The following query is given in a PL/SQL procedure
.
SELECT e.data FROM extra e WHERE e.external_id in
(SELECT * FROM TABLE (p_external_ids)).
The type of p_external_ids
is create or replace type "VARCHAR2TABLE" as table of VARCHAR2(4000 CHAR)
.
Oracle inefficiently executes the query using a full table scan. Hints on query did not help and necessary indexes are in place. Replacing the SELECT *
part with hardcoded ids reduce query running time by a factor of 20
, when the number of rows in the table is 200 000.
For reference it takes about 0.3 sec to execute with SELECT * FROM TABLE
clause, and around 0.015 ms
for a single hardcoded id.
What are the suggested efficient ways (key search) to write a stored procedure to extract the data from the table for multiple ids? The provided collection type must be used to pass in the list of ids to a stored procedure.
What hints did you try? Can you post the fast and the slow query plan?
One of the general issues with using PL/SQL collections in SQL is that the CBO often guesses incorrectly at the number of elements in the collection and chooses the wrong plan as a result. It is often helpful in those cases to use the CARDINALITY hint, i.e.
SELECT e.data
FROM extra e
WHERE e.external_id IN (
SELECT /*+ cardinality(ids 10) */ *
FROM TABLE( p_external_ids ) ids
)
tells the optimizer to expect 10 elements in P_EXTERNAL_IDS.
Tom Kyte has a more in depth discussion about the cardinality hint and PL/SQL collections on askTom as well.
What is the data type of the EXTERNAL_ID column? Your collection is a collection of strings but EXTERNAL_ID tends to imply a NUMBER. Is there really a data type mismatch here?
Copying the collection into a temporary table would only be expected to help if the problem was that the optimizer couldn't get an accurate cardinality estimate when you referenced the collection but it could get an accurate estimate when you referenced the temporary table. If you are correctly specifying the CARDINALITY hint and that doesn't change performance, that would imply that the problem is not with the optimizer's cardinality estimates.
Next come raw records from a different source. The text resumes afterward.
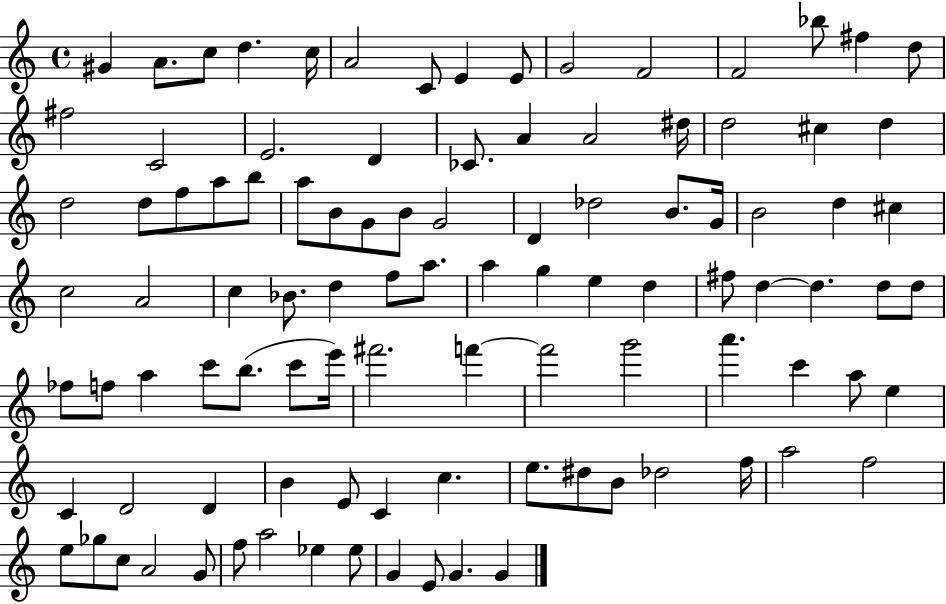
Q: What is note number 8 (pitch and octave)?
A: E4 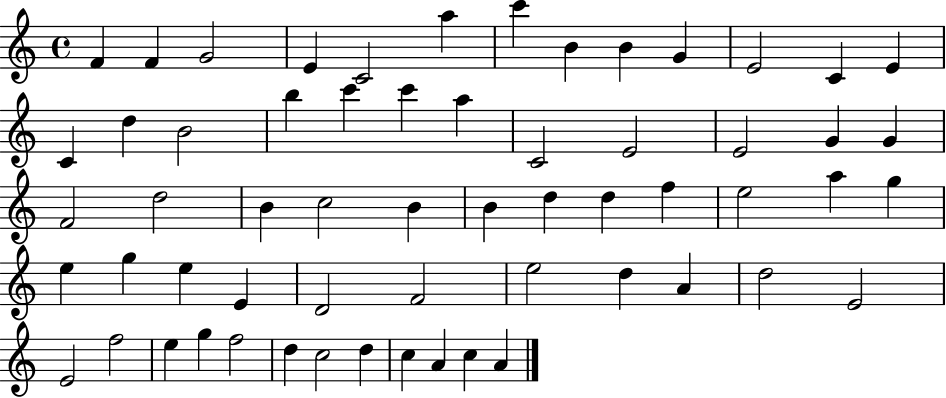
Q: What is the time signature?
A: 4/4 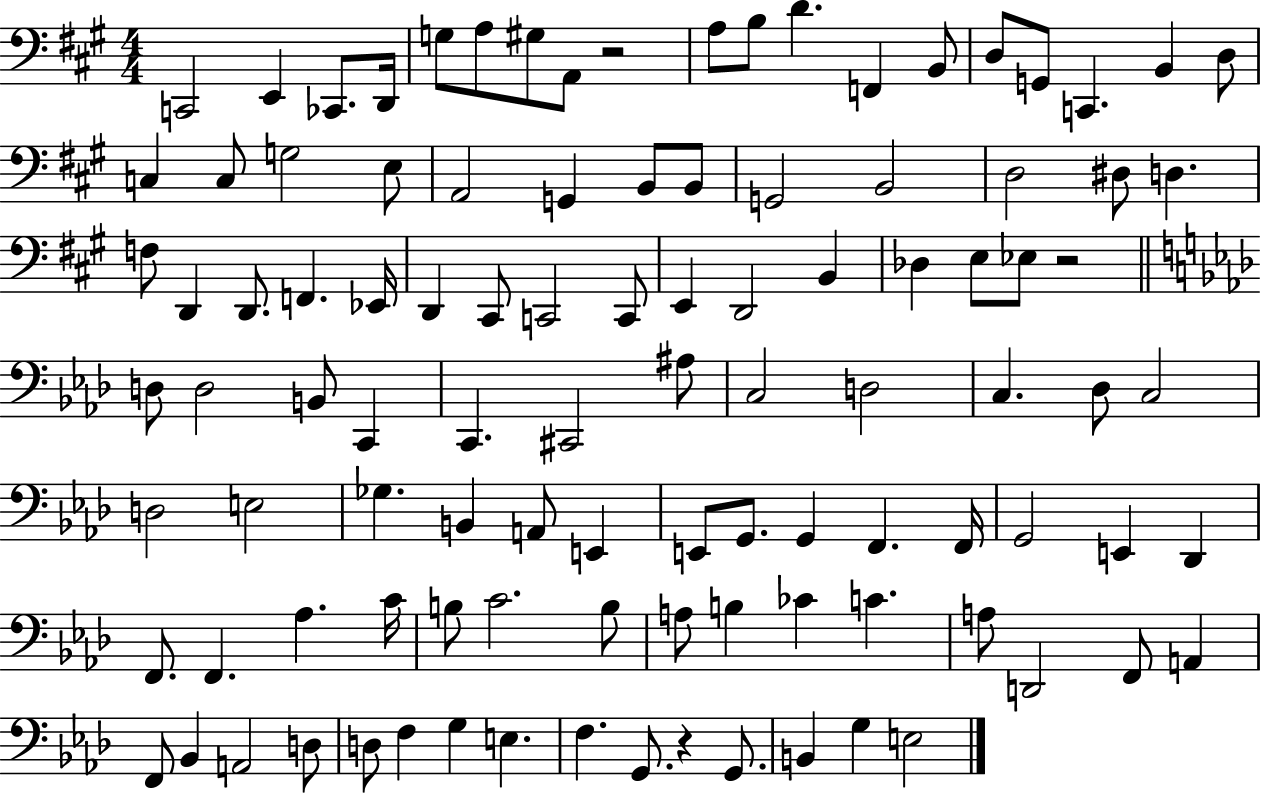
C2/h E2/q CES2/e. D2/s G3/e A3/e G#3/e A2/e R/h A3/e B3/e D4/q. F2/q B2/e D3/e G2/e C2/q. B2/q D3/e C3/q C3/e G3/h E3/e A2/h G2/q B2/e B2/e G2/h B2/h D3/h D#3/e D3/q. F3/e D2/q D2/e. F2/q. Eb2/s D2/q C#2/e C2/h C2/e E2/q D2/h B2/q Db3/q E3/e Eb3/e R/h D3/e D3/h B2/e C2/q C2/q. C#2/h A#3/e C3/h D3/h C3/q. Db3/e C3/h D3/h E3/h Gb3/q. B2/q A2/e E2/q E2/e G2/e. G2/q F2/q. F2/s G2/h E2/q Db2/q F2/e. F2/q. Ab3/q. C4/s B3/e C4/h. B3/e A3/e B3/q CES4/q C4/q. A3/e D2/h F2/e A2/q F2/e Bb2/q A2/h D3/e D3/e F3/q G3/q E3/q. F3/q. G2/e. R/q G2/e. B2/q G3/q E3/h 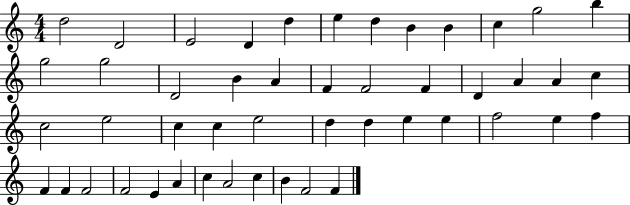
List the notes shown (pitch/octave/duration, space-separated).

D5/h D4/h E4/h D4/q D5/q E5/q D5/q B4/q B4/q C5/q G5/h B5/q G5/h G5/h D4/h B4/q A4/q F4/q F4/h F4/q D4/q A4/q A4/q C5/q C5/h E5/h C5/q C5/q E5/h D5/q D5/q E5/q E5/q F5/h E5/q F5/q F4/q F4/q F4/h F4/h E4/q A4/q C5/q A4/h C5/q B4/q F4/h F4/q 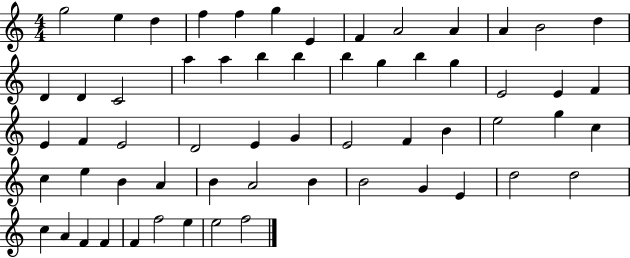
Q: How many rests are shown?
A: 0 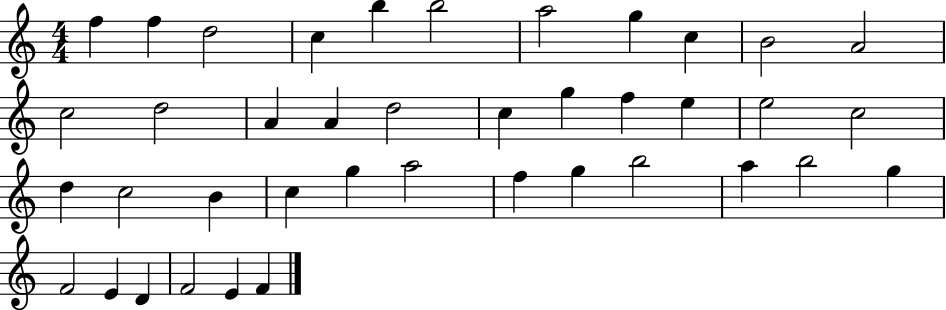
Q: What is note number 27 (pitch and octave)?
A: G5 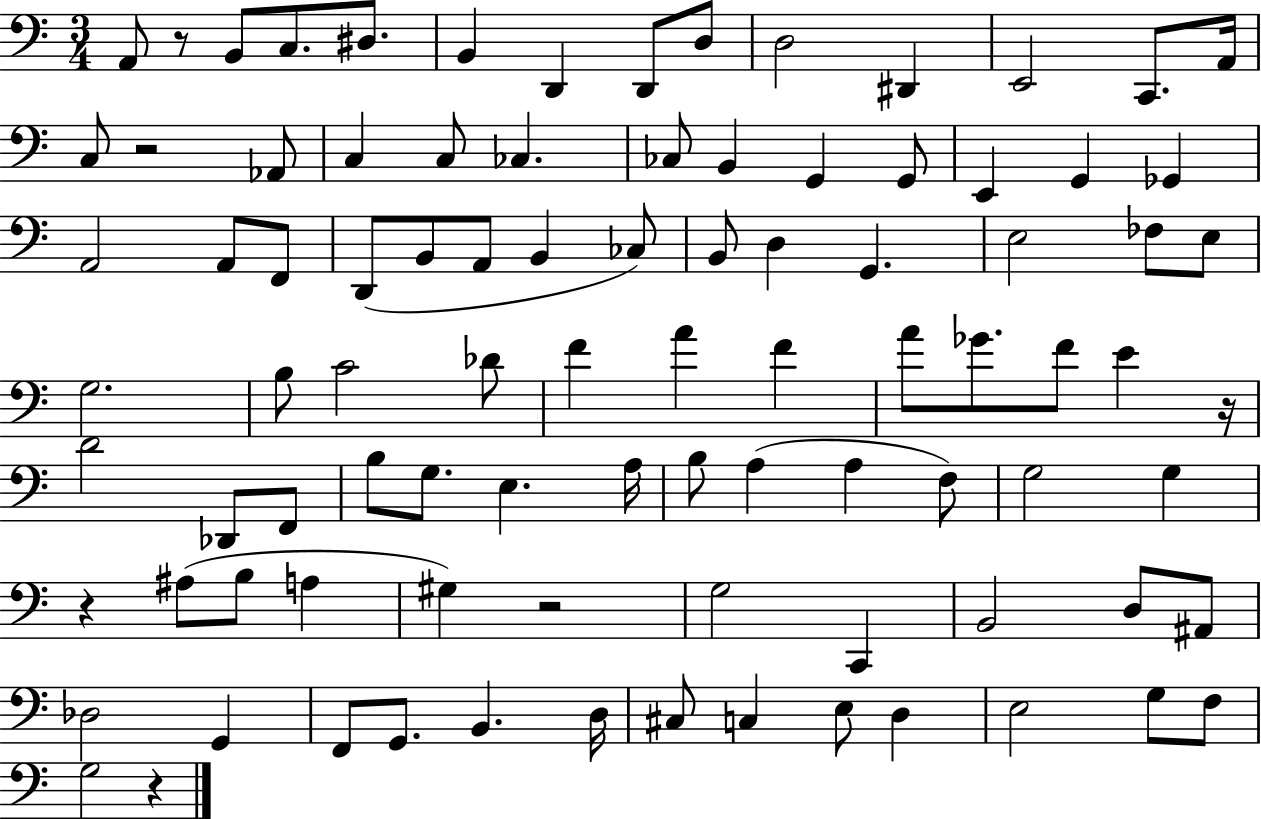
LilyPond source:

{
  \clef bass
  \numericTimeSignature
  \time 3/4
  \key c \major
  \repeat volta 2 { a,8 r8 b,8 c8. dis8. | b,4 d,4 d,8 d8 | d2 dis,4 | e,2 c,8. a,16 | \break c8 r2 aes,8 | c4 c8 ces4. | ces8 b,4 g,4 g,8 | e,4 g,4 ges,4 | \break a,2 a,8 f,8 | d,8( b,8 a,8 b,4 ces8) | b,8 d4 g,4. | e2 fes8 e8 | \break g2. | b8 c'2 des'8 | f'4 a'4 f'4 | a'8 ges'8. f'8 e'4 r16 | \break d'2 des,8 f,8 | b8 g8. e4. a16 | b8 a4( a4 f8) | g2 g4 | \break r4 ais8( b8 a4 | gis4) r2 | g2 c,4 | b,2 d8 ais,8 | \break des2 g,4 | f,8 g,8. b,4. d16 | cis8 c4 e8 d4 | e2 g8 f8 | \break g2 r4 | } \bar "|."
} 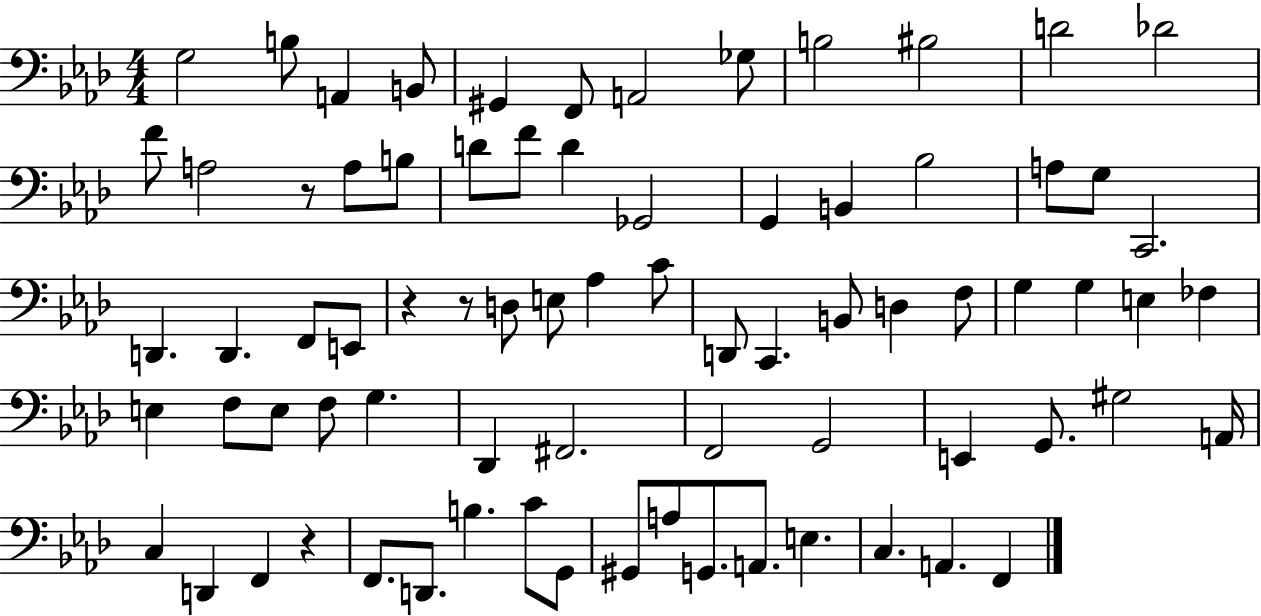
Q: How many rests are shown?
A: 4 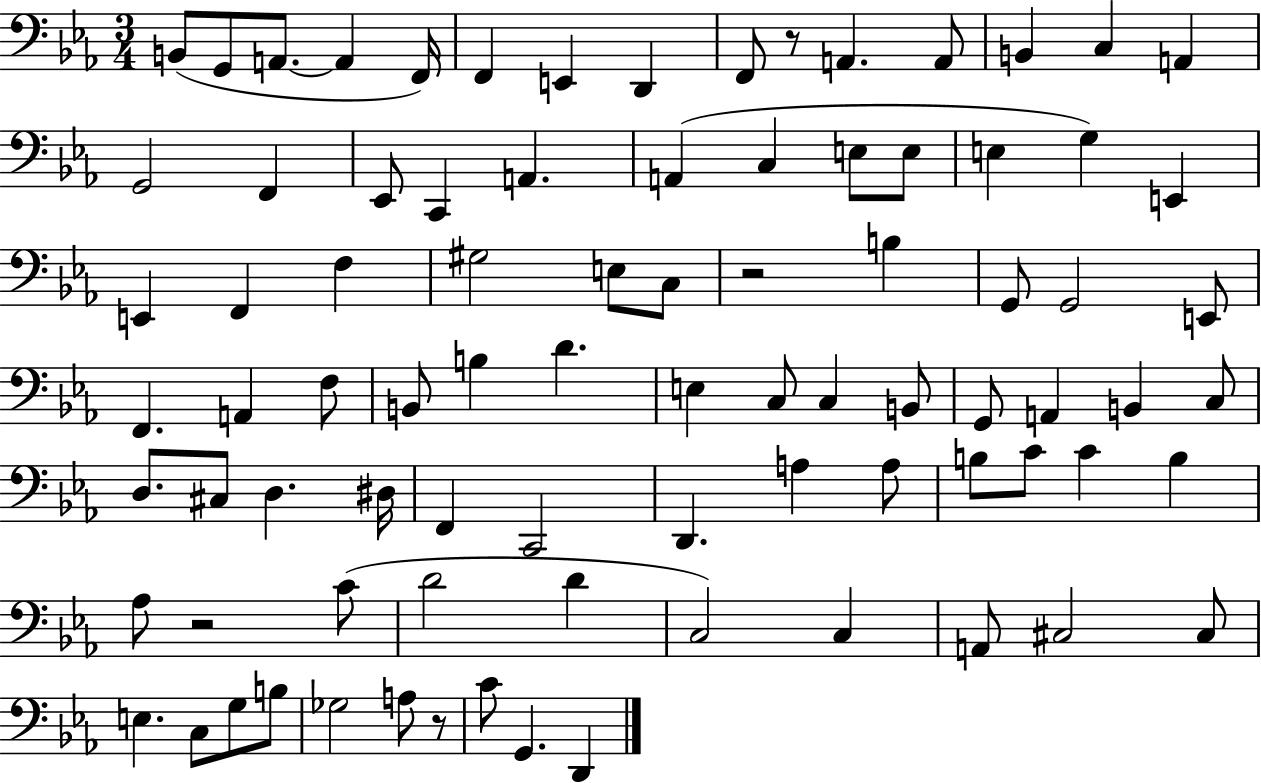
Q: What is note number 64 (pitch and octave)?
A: Ab3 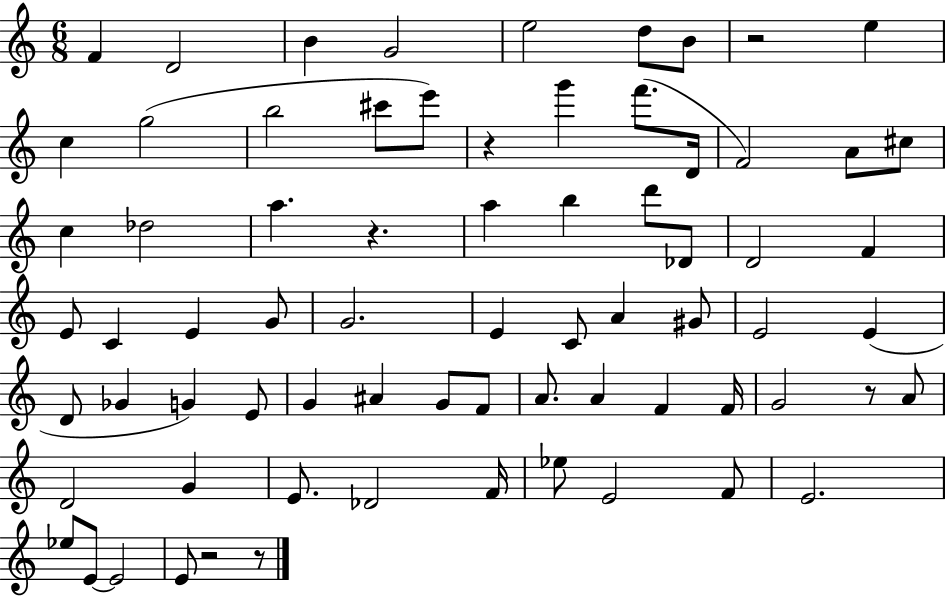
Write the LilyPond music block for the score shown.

{
  \clef treble
  \numericTimeSignature
  \time 6/8
  \key c \major
  \repeat volta 2 { f'4 d'2 | b'4 g'2 | e''2 d''8 b'8 | r2 e''4 | \break c''4 g''2( | b''2 cis'''8 e'''8) | r4 g'''4 f'''8.( d'16 | f'2) a'8 cis''8 | \break c''4 des''2 | a''4. r4. | a''4 b''4 d'''8 des'8 | d'2 f'4 | \break e'8 c'4 e'4 g'8 | g'2. | e'4 c'8 a'4 gis'8 | e'2 e'4( | \break d'8 ges'4 g'4) e'8 | g'4 ais'4 g'8 f'8 | a'8. a'4 f'4 f'16 | g'2 r8 a'8 | \break d'2 g'4 | e'8. des'2 f'16 | ees''8 e'2 f'8 | e'2. | \break ees''8 e'8~~ e'2 | e'8 r2 r8 | } \bar "|."
} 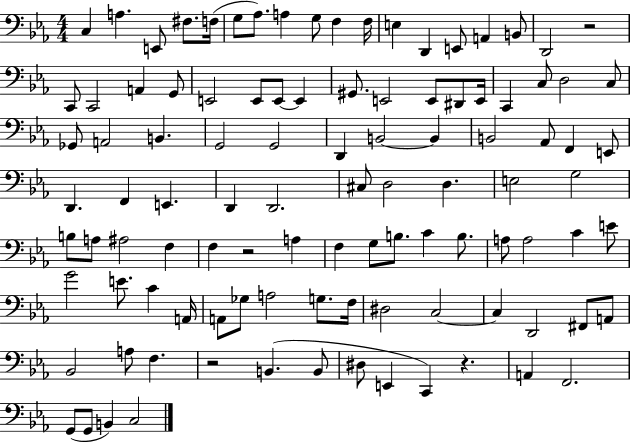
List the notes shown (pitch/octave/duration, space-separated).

C3/q A3/q. E2/e F#3/e. F3/s G3/e Ab3/e. A3/q G3/e F3/q F3/s E3/q D2/q E2/e A2/q B2/e D2/h R/h C2/e C2/h A2/q G2/e E2/h E2/e E2/e E2/q G#2/e. E2/h E2/e D#2/e E2/s C2/q C3/e D3/h C3/e Gb2/e A2/h B2/q. G2/h G2/h D2/q B2/h B2/q B2/h Ab2/e F2/q E2/e D2/q. F2/q E2/q. D2/q D2/h. C#3/e D3/h D3/q. E3/h G3/h B3/e A3/e A#3/h F3/q F3/q R/h A3/q F3/q G3/e B3/e. C4/q B3/e. A3/e A3/h C4/q E4/e G4/h E4/e. C4/q A2/s A2/e Gb3/e A3/h G3/e. F3/s D#3/h C3/h C3/q D2/h F#2/e A2/e Bb2/h A3/e F3/q. R/h B2/q. B2/e D#3/e E2/q C2/q R/q. A2/q F2/h. G2/e G2/e B2/q C3/h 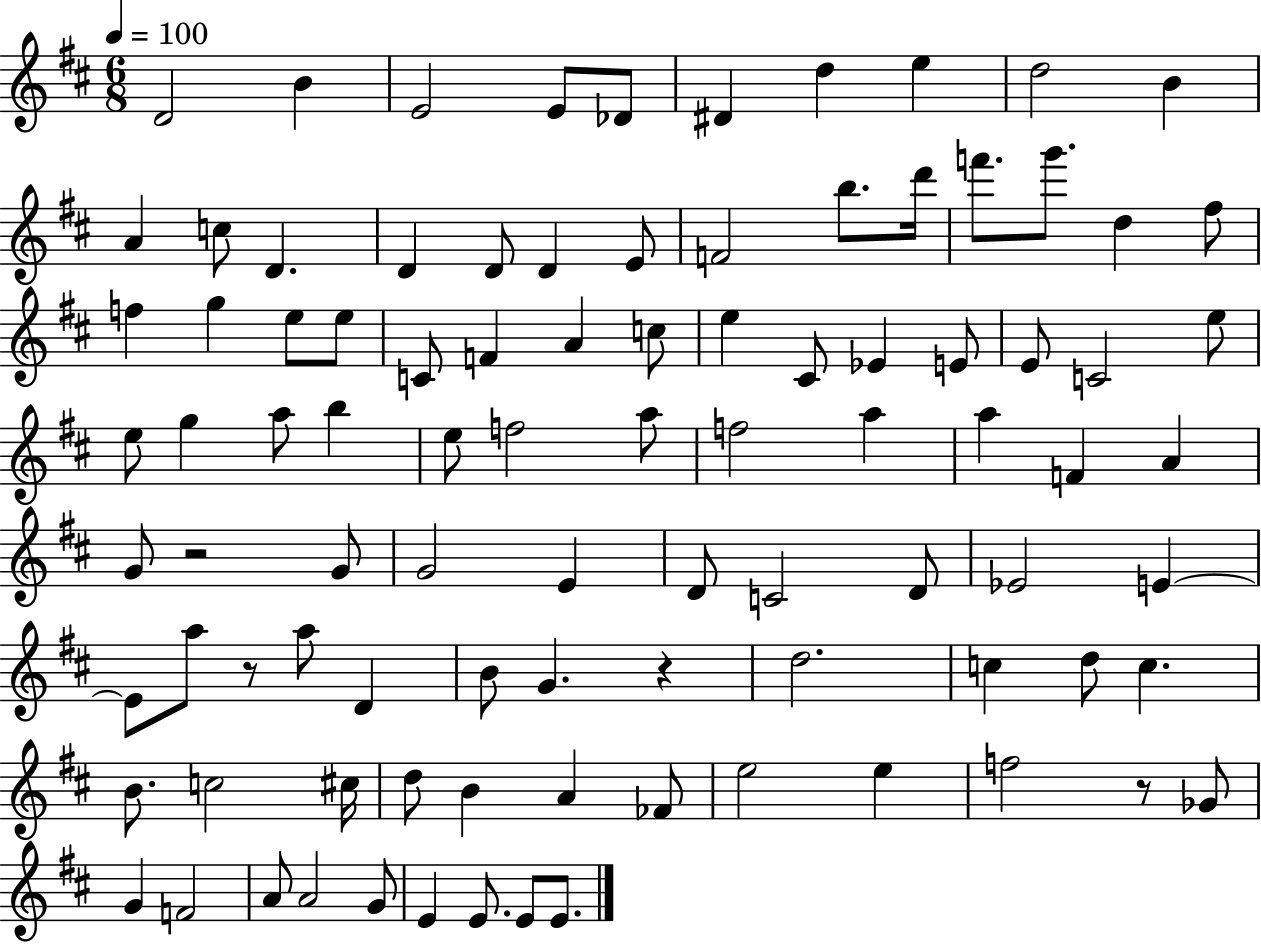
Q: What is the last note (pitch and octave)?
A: E4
Can you post the fast and the slow query plans? Can you post the exact SQL statement you are using that includes the CARDINALITY hint (perhaps there is a syntax error)
I believe it is doing a full scan because it can't predict if the p_external_ids is going to be larger or smaller than the break even point.
What I mean:
If it costs 200 to do a single index lookup, and 100000 to do a full table scan, if you are looking up 20 values, total cost will be 4000 (less than 100000). But if you are looking up 1000 values, the total cost using the indices would be 200000.